The pizza was soon ordered, delivered, and then eaten… at least by Dani and Perfect. While waiting, they’d talked fruitlessly in circles around the question of Palazzo’s whereabouts and status, but Perfect had tabled the discussion and declared it was too late to do any more work that night.
“Doesn’t anybody else want any of this?” she asked when she and Dani had eaten their fill, lifting the box of cheese pizza with three slices left in it. “Ray?”
“I only eat big greasy street vendor kind,” he said. “With loads of pepperonis.”
“Ew,” she said.
“You travel with a carnival, you get a taste for that kind of thing,” Ray said.
“Donnie?” she asked.
“I don’t eat anything I ate before my conversion,” Adonis said.
“Really? Why’s that?” Perfect asked, as she put the pizza away in the fridge.
“Because nothing tastes right,” he said. “But if I don’t know how it’s supposed to taste, it doesn’t bug me.”
“D.J. mentioned that things tasted different for her,” Perfect said. “She couldn’t quite quantify it, though.”
“Yeah. Me, neither. Pop hit the roof when I told him that,” Adonis said. “Said the system was perfect, and all the diagnostics showed it should be fine. He said it was all in my head.”
“It could be because the experience of eating is so multisensory,” Perfect said. “It’s pretty well-known that the flavor of food is a mixture of both taste and smell, and of course, the texture and temperature also come to bear. Even if all those sensory impressions are being accurately mapped and conveyed to your brain, it still might seem ‘off’… I’d love to have a chance to go over the specs for this stuff. Do you think that might be possible?”
“Yeah, uh, I don’t really like talking about ’specs’ and things like that,” Adonis said. “This is my body now. I don’t really like being reminded that it’s not real.”

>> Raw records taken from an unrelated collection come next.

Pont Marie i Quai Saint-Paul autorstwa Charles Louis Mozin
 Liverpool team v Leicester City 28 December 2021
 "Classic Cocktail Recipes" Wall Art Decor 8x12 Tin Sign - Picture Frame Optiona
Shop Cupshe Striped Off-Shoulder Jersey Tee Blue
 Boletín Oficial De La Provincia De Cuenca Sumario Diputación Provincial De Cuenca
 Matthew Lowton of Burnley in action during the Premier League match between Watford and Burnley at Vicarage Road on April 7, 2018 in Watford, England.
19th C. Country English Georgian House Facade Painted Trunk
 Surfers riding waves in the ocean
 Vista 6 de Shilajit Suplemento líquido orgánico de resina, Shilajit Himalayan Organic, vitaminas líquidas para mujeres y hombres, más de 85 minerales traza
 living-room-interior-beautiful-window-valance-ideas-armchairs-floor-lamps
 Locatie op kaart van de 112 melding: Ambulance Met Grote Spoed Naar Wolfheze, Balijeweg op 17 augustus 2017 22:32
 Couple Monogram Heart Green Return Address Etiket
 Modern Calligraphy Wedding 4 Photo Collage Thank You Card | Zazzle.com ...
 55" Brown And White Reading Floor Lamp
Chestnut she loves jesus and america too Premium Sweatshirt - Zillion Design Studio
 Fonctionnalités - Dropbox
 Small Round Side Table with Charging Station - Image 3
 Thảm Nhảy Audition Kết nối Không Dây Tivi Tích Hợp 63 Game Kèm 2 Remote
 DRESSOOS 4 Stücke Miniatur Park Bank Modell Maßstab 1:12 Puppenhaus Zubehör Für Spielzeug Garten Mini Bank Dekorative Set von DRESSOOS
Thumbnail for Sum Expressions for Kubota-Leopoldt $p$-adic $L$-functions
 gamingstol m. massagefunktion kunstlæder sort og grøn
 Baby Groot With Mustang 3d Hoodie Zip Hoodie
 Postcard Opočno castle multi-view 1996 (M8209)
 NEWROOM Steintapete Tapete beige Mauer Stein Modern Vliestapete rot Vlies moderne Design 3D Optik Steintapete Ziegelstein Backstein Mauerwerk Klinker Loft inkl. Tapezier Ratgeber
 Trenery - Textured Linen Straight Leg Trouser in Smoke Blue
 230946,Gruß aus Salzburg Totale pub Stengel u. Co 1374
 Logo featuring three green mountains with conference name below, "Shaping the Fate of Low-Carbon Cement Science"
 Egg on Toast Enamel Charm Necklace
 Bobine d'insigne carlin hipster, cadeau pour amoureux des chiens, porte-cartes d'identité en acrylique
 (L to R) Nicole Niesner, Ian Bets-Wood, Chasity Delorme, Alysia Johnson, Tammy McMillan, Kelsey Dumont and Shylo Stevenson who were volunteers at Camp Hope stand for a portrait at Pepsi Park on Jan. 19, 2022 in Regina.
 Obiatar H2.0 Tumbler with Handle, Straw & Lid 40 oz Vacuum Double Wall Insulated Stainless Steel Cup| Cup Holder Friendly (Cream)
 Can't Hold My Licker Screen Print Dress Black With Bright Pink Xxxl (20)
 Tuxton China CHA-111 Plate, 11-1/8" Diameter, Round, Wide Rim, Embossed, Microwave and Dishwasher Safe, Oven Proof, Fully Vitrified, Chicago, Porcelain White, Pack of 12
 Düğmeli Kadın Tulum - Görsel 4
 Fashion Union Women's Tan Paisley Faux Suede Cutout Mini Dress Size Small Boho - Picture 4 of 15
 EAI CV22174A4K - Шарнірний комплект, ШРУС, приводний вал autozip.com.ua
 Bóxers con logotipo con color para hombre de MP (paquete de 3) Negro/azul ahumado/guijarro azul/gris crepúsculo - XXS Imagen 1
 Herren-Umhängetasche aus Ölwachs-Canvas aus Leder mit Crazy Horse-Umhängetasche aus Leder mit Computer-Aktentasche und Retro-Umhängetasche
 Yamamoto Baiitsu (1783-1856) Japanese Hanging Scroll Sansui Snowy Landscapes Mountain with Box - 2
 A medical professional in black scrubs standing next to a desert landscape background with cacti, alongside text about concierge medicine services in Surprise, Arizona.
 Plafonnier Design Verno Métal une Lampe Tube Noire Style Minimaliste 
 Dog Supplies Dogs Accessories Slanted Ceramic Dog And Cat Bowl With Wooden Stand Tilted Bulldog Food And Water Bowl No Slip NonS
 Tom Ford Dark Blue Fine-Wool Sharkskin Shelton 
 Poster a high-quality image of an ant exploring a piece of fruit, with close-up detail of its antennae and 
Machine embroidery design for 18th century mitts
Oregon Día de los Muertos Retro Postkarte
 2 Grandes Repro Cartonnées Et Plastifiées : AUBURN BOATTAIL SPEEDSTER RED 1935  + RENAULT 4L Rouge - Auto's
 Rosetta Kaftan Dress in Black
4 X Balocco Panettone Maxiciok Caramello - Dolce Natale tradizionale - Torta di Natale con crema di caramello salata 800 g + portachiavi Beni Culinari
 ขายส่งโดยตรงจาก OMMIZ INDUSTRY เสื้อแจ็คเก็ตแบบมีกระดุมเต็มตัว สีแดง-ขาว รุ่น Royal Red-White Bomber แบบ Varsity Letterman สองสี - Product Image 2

“Oh, sorry,” Perfect said, a little embarrassed. “I’m just… well, I like high tech, and you and D.J. are the highest tech things… oh! I’m sorry. I didn’t mean that.”
“It’s okay,” he said. “Just stop apologizing. The thing is, though, you told that magnum guy you were going to give him a per diem?”
“It means a daily allowance,” Perfect said. “From the Latin…”
“‘Per day’, yeah, I got that,” Adonis said. “The thing is, I don’t have any money.”
Perfect sighed.
“I don’t need a lot!” Adonis clarified. “I don’t have to eat and my clothes don’t get sweaty so I don’t need a lot of them, but I’d kind of like to be able to pay my own way, places.”
“The thing is, I do have some assets that give me a nice recurring income,” Perfect said. “But, if I’m going to pay people, I want them to treat this like a job.”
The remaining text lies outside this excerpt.